---------- AVAILABLE DATA ----------

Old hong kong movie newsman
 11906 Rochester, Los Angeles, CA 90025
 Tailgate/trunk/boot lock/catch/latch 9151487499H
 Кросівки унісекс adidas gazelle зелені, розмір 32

----------

• **ASSIGNMENT**
What is needed is a word-for-word copy of all the material.

• **SOLVED EXERCISE**
Old hong kong movie newsman
 11906 Rochester, Los Angeles, CA 90025
 Tailgate/trunk/boot lock/catch/latch 9151487499H
 Кросівки унісекс adidas gazelle зелені, розмір 32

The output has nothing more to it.